27. We are in favor of greater coordination with the World Bank and other international organizations in terms of financing, policy advice, technical assistance and training. But it might be simplistic to think that better coordination will solve the problem of excessive conditionality, which is a problem that exists in the World Bank as well as within its areas of expertise. Our chair would not favor, for instance, to include in Fund programs conditionality that cover the areas of specialization of the Bank or vice-versa, nor other forms of de facto or disguised cross-conditionality. Our chair has been a strong proponent in the Bank of a new approach towards middle-income countries. But such an approach will necessarily differ from the intense monitoring and joint reporting features currently adopted for low-income countries, since low-income countries have different problems, and relatively lower technical, administrative and institutional capacity than middle-income countries.


Combating Financial Abuse and Money Laundering

28. Our Chair strongly supports a strengthening of international cooperation in combating money laundering and financial crime and an intensification of the Fund's activities in this area in a way that is consistent with the Fund's mandate and principles. Unregulated and unsupervised or poorly regulated and supervised financial systems can pose a potential risk of financial instability that, in some cases, may be transmitted to other countries. Money laundering distorts the efficient global allocation of resources and creates international negative externalities that can adversely affect other countries.

29. The Financial Action Task Force 40 Recommendations are recognized as the key international standard to deter money laundering by a large number of countries, including mine. The Fund should also recognize the FATF 40 Recommendations as the international standard in this area and determine how they could be made operational in Fund's surveillance and technical assistance. The Fund, however, should not get involved with those aspects of the FATF 40 Recommendations that are related to criminal and law enforcement matters, or issues that are outside its core areas of expertise. Our chair also considers that anti-money laundering issues should not be covered under conditionality. The FATF 40 Recommendations should have the same voluntary nature and treatment already agreed for the other international standards used by the Fund in its operational work.

30. An approach based on international cooperation is preferable to one based on confrontation and would yield better in the long run. The Fund has a broad membership and a tradition of due process and uniformity of treatment of all members that make it well placed to contribute to this issue. We would like to encourage the Fund to explore with the FATF forms to foster countries working more closely together on this issue under a constructive and cooperative multilateral approach. The current process of revision of the FATF 40 Recommendations provides a good opportunity to listen to the concerns and suggestions of non-FATF members through an appropriately inclusive outreach process to which the Fund could contribute.

31. Efforts to combat money laundering are needed in all countries be they offshore financial centers or major international financial centers. Global consolidated supervision can be a powerful instrument to combat money laundering. The solution lies not only in better supervision in offshore financial centers, but also in more effective consolidated supervision by home countries. These considerations should inform the coverage of the Fund's work in this area.
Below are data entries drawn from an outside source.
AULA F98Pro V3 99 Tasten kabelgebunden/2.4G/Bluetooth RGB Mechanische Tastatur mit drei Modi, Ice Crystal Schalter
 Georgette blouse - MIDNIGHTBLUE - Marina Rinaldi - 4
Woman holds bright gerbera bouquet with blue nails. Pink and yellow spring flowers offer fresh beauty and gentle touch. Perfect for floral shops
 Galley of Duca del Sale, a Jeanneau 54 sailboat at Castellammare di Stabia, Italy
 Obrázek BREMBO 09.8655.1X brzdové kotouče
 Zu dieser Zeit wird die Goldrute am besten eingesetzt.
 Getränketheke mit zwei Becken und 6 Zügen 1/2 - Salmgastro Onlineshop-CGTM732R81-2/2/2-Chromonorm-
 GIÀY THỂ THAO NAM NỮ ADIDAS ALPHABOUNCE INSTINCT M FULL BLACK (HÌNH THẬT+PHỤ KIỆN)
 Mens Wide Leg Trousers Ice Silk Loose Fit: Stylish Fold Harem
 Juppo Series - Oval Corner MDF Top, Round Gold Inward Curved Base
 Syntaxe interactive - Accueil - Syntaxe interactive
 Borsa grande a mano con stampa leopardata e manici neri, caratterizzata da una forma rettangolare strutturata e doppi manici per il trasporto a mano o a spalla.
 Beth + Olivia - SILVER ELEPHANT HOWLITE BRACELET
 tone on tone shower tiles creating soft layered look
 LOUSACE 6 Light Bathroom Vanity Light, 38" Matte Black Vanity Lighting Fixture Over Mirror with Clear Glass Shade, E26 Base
32. Brazil's efforts to combat money-laundering date back to 1991 when it ratified the Vienna Convention. In March 1998, Congress approved a new law that allowed for a major overhaul of the legal and operational framework to combat money laundering. The new law expanded the list of antecedent crimes associated with money laundering, created a Financial Intelligence Unit (COAF), and extended the obligation of reporting suspicious transactions beyond the banking system to encompass stock exchange brokers, commodity dealers, real estate agents, credit card companies, leasing and factoring companies, lotteries, jewelry and precious metals dealers, and fine arts dealers. The reporting of suspicious transactions increased substantially reaching 7,451 as of December 2000 and led to 114 criminal inquiries in which 98 persons were indicted. Brazil is a member of the FATF, accepts and complies with the FATF 40 Recommendations. Brazil hosted in August 2000 a meeting in Brasilia to launch a South American Regional Financial Task Action Force. As a result, a memorandum of understanding creating the South American Regional FATF was signed in Cartagena, Colombia, last December 9.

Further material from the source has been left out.